▶ _What the task asks_
Write out exactly the lines from the one containing "Grove trees yellow" to the end of the material, both ends included, and nothing else. Leave pictures out.

*** Collected data

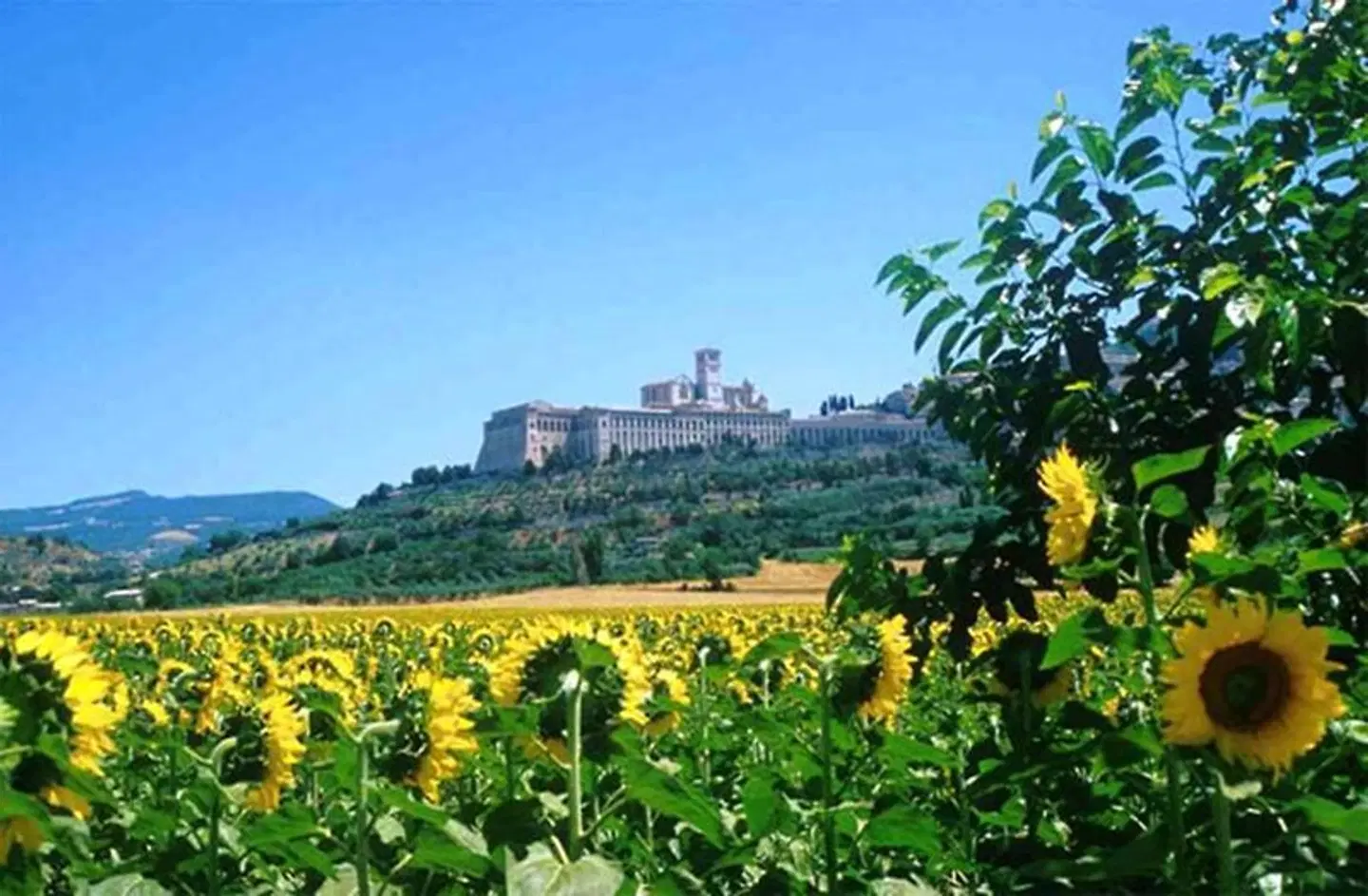 Cristallo LANDSCAPE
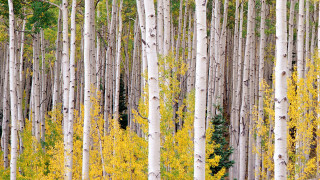 Grove trees yellow leaves fall - the fall free wallpaper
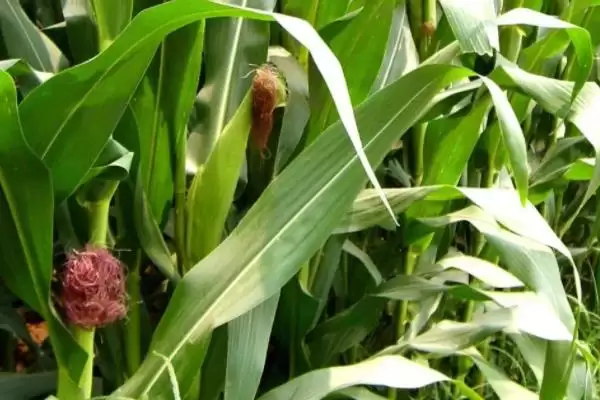 粤甜28玉米品种的特性(粤甜28玉米品种特性有哪些)？插图3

******

▶ _Exercise output_
 Grove trees yellow leaves fall - the fall free wallpaper
 粤甜28玉米品种的特性(粤甜28玉米品种特性有哪些)？插图3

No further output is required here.